「葛原勾当 こぼれ話2」を載せました

《明石の浜の月夜の演奏会》  仮名遣いは現代仮名遣い、漢字は新字体にしています
 
 年に一度ずつ、彼は和船に乗って京都へ修行に出るのであったが、汐の加減で所々の浜や港に船を繋いで、汐待ちをせねばならなかった事は前にも言った。その明石の浦での汐待ちの一夕、彼は弟子の千代一と同行の呉服商人たる隣村の森蔵と三人で人丸神社へ参拝した。
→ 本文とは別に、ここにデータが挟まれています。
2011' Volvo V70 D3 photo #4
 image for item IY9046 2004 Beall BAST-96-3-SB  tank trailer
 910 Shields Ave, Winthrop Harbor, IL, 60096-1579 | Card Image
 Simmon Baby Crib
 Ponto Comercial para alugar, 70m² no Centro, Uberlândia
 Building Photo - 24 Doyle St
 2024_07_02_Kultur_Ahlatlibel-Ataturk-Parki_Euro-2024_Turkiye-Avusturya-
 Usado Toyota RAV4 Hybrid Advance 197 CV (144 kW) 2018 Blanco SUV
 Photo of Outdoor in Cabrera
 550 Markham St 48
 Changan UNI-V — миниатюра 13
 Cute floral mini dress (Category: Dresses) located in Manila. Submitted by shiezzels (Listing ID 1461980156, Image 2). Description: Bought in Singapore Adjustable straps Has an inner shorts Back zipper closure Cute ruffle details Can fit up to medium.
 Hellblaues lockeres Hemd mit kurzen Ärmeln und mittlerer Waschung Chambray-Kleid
 三人連は参拝を終えて舟に戻ったが、その夜の月の美しさ、船頭も森蔵も波の美しさを称え、淡路島の絵に似るのを褒める。盲人ながら月光を浴びて舷に座していると、気も清らに心も澄んで、だまってはおれなくなった。一曲弾きたくなった。森蔵も勧めるけれども、船旅する身は琴を持って来ていない。明石の町家には琴もあろうというので、船頭を借りに歩かせたが、何家にも、とやかくの理由で貸してくれぬ。その中、町はずれの小さな家の老人が「多年弾かないが・・・」と言って古い琴を一面貸してくれたので、悦んだのは船頭どころか、千代一は早速、弦も締め直して携帯していた三味線の竿を仕組んで、合奏しだした。
一曲また一曲。
なかば、物好きについて来た町人の中には、これをきいてその音色に感じて、次では人々を呼び集めて聞くのであったが、中の一人が言うには、
 「昔から、明石という曲がある事は聞いているが、その曲を聞いた事はない。もし、『明石』の曲をご存知か・・・」
と言うに任せて、「明石」を弾いた。中には、
 「昔から『弄斎(ろうさい)』という曲がある事は聞いているが、その曲を聞いたことはない。もし、『弄斎』の曲をご存知か・・・」
とも言うので、『弄斎』を弾いた。驚いた人らは船頭に聞いた。
 「一体、この盲人はどこの国の人か」
これには、千代一が答えた。
 「私共は、西の方の盲人です」
 「西の方とは、どちらで・・・」
 「なーに、西の方です。」
ときくや、中に、
 「これから西で、これ位の腕利きは、備後の葛原勾当くらいのものだが、まさか、葛原勾当ではおわすまい。」
と言うものがあったので、森蔵は覚えず大きな声で、
 「そうですよ、そうですよ、葛原勾当ですよ」
と叫んだ。
すると、浜に集まって来ていた人らの中には、先刻、とやかくの理由で琴を貸してくれなかった家の主人達の顔も見えたが、皆、
 「今夜は、私の家に泊まって下さい」
 「いえ、自分の家で、もっと弾いて聞かして下されよ」
 「なに、私の家へ」
 「実はそれよりは、少し善い琴もありますから・・・」
などなど、中々、熱心に招ずるのであったが、汐は十分に満ちていたので、船頭はかねて勾当の心持をも知っていた同国の者ではあったし、そのまま、借りた古い琴の持主には、厚く礼をして返し、浜の人らに別れを告げて、京をさして明石の浜を後にしたという。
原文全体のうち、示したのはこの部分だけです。